There is a form of healing and counseling that is effective for bringing healing and balance to our life, via our root chakra. Yet, despite the success of healing related to intimacy and sexuality, it is still frowned upon by so-called open-minded healers and therapists.
In view of the controversy and edginess of such subjects, there are several boundaries and precautions that must be observed in order to distinguish true sexual healing (via sexual therapy) from unhealthy sexual experiences. Although many who seek to give or receive healing related to sexual issues might feel inclined to jump straight into learning sacred sexuality, it’s always best to look at one’s personal issues around sexuality first.
The Three Phases of Sexual Therapy
In most cases, there are three phases of sexual therapy and they should progress in this order:
- Contact (hands-on) Therapy
- Sacred Sexuality.
The Counseling Level
Beginning with the counseling level of healing is important as it helps us build a healthy and safe foundation for healing, as well as helping us to gather information about our internal and external sexual history—positive and negative.
The Contact Level
This can include physical bodywork, sensual massage, and even exercises in arousal. This level is a natural progression from the counseling level and allows us to work at a deeper level—literally into the tissue of the body—wherein we might find cellular memory of issues and traumas.
The Sacred Sexuality Level
This is, of course, the most controversial level because it is mistakenly assumed (by both healers and clients) that the act of sex, in itself, can be healing. But it’s never the act! It’s the intention and the love that is shared. In other words, sex cannot heal, but love can. The sexual level can be healing, but if we progress through the first two levels properly, the third level might never be needed (at least not from a friend or healer). And when sexual healing takes place, it must always be done slowly and within the spirit of loving respect, safety, and the desire to feel a Divine Presence.
Sexual Healing Is Not as Rare as We Might Imagine
In a sense, each of us is offering a subtle form of sexual therapy whenever we help others feel beautiful (yet not objectified). Complimenting and encouraging someone’s beauty or value fits the general definition of sexual therapy because such positive feedback helps them to awaken their desire to “feel alive” and/or awaken their sensual self. Such “random acts of kindness” bring miracles to the recipient—healing them at a level that most people fail to navigate.
Some Goals and Benefits of Sexual Therapy Include
- Releasing trauma
- Restoring the body’s normal functions
- Releasing unhealthy inhibitions
- Releasing shame
- Allowing a greater sense of self-esteem and personal beauty
Who Is It That Does Sexual Therapy?
There are counselors who specialize in this field, as well as individuals who have studied the arts of sacred sexuality. The latter group are often wonderfully effective, but having a background in the psychology of trauma is highly recommended. If you have a partner, they too can learn some of the many exercises that awakens healing.

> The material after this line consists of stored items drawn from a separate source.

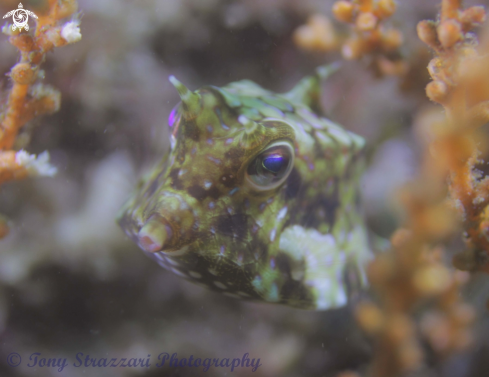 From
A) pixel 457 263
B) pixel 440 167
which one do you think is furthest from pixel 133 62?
pixel 457 263

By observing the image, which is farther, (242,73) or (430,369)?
(242,73)

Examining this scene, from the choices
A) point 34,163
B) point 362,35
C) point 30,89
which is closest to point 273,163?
point 34,163

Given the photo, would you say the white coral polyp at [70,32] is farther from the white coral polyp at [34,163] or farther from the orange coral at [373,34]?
the orange coral at [373,34]

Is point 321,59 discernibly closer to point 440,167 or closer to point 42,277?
point 440,167

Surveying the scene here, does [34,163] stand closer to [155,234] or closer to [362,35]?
[155,234]

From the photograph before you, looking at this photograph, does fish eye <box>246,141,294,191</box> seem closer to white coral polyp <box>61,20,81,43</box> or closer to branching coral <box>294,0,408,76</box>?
white coral polyp <box>61,20,81,43</box>

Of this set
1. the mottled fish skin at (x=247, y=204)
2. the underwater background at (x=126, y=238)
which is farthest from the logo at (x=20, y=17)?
the mottled fish skin at (x=247, y=204)

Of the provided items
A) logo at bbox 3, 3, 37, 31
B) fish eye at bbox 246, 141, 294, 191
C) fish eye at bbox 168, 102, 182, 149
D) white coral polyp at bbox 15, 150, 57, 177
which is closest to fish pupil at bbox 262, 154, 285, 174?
fish eye at bbox 246, 141, 294, 191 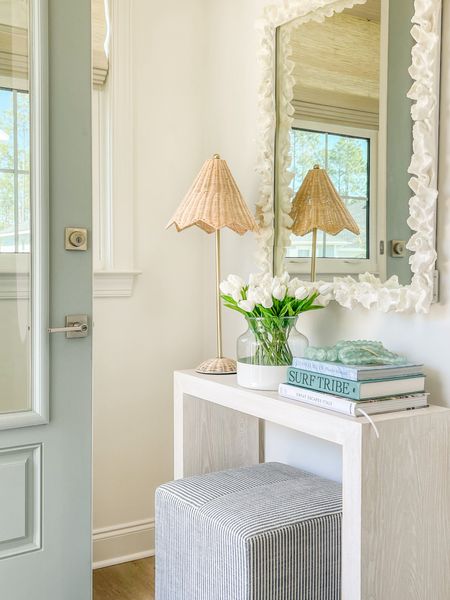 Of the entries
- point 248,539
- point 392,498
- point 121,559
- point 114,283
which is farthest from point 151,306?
point 392,498

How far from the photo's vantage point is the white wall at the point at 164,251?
2.48 m

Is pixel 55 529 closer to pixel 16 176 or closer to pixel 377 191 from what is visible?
pixel 16 176

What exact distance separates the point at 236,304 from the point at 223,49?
1.12 metres

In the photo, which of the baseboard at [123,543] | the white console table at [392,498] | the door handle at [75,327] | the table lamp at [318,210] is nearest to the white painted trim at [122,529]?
the baseboard at [123,543]

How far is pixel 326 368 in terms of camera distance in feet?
5.35

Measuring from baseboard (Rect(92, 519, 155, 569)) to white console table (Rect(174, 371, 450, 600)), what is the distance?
1.10 metres

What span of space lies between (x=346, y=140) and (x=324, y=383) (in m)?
0.75

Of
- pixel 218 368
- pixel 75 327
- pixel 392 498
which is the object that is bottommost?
pixel 392 498

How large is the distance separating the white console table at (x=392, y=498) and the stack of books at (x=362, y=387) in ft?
0.09

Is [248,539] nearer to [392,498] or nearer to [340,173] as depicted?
[392,498]

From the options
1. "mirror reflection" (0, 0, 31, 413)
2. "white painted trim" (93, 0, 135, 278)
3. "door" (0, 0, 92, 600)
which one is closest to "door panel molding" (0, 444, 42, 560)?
"door" (0, 0, 92, 600)

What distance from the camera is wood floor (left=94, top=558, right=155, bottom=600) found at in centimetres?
227

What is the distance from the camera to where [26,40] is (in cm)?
196

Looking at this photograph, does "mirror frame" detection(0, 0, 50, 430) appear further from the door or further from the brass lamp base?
the brass lamp base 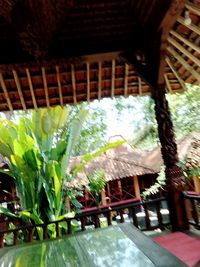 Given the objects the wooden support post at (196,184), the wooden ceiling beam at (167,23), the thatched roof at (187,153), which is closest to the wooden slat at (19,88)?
the wooden ceiling beam at (167,23)

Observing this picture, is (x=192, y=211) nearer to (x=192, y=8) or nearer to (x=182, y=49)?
(x=182, y=49)

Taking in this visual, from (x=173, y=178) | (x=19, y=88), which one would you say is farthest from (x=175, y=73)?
(x=19, y=88)

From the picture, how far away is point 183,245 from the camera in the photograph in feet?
9.88

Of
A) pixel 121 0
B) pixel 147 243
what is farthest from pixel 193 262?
pixel 121 0

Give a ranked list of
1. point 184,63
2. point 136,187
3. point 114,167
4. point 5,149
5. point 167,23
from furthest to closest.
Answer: point 136,187, point 114,167, point 5,149, point 184,63, point 167,23

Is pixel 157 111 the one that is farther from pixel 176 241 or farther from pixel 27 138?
pixel 27 138

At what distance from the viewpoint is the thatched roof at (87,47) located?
8.75 ft

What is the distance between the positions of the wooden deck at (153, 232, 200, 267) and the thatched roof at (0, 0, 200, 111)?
1.91m

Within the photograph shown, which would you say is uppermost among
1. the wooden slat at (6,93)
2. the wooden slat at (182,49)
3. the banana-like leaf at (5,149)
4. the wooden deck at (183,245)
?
the wooden slat at (182,49)

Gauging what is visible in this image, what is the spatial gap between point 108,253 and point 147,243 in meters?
0.20

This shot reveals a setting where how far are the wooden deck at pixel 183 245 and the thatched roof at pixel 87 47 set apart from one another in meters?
1.91

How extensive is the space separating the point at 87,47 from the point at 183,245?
2.40 meters

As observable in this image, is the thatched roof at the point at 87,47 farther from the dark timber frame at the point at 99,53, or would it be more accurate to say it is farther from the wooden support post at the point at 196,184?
the wooden support post at the point at 196,184

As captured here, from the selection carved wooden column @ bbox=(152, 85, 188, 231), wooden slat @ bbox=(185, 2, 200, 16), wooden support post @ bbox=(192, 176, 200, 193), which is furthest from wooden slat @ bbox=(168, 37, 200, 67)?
wooden support post @ bbox=(192, 176, 200, 193)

Seeing a Therapist for Sexual Healing Work
There are some potential hazards and pitfalls for having a therapist do the work. If things go well, the therapist often becomes the object of transference, which means that the client believes that their new-found awakening is attached to the healer.
Having a Friend or Partner Do the Work
Having a friend or partner do the healing work can also have some potential pitfalls. For example, if deep wounds are awakened, the recipient of sexual healing might project some of their hurt and rage onto that person, which of course could take a serious toll on the relationship.
Pitfalls and Rewards of Sexual Healing
Although there are precautions we can take to avoid the pitfalls of sexual therapy, with such a taboo subject that embodies so many deep issues, there are no guarantees.
Whenever we find the courage to walk through the gauntlet of sexual healing, the rewards are countless and far-reaching. The pace of the healing varies from person to person, but the ultimate goal is to experience Divine Union with God, our inner self, our body, and with others—including a partner.
Sexual healing can mean the release of shame, guilt, tension, and pain, as well as the awakening of unconditional love and self-worth—physically, emotionally, and spiritually. As we heal these issues for ourselves, we also bring the healing to everyone else.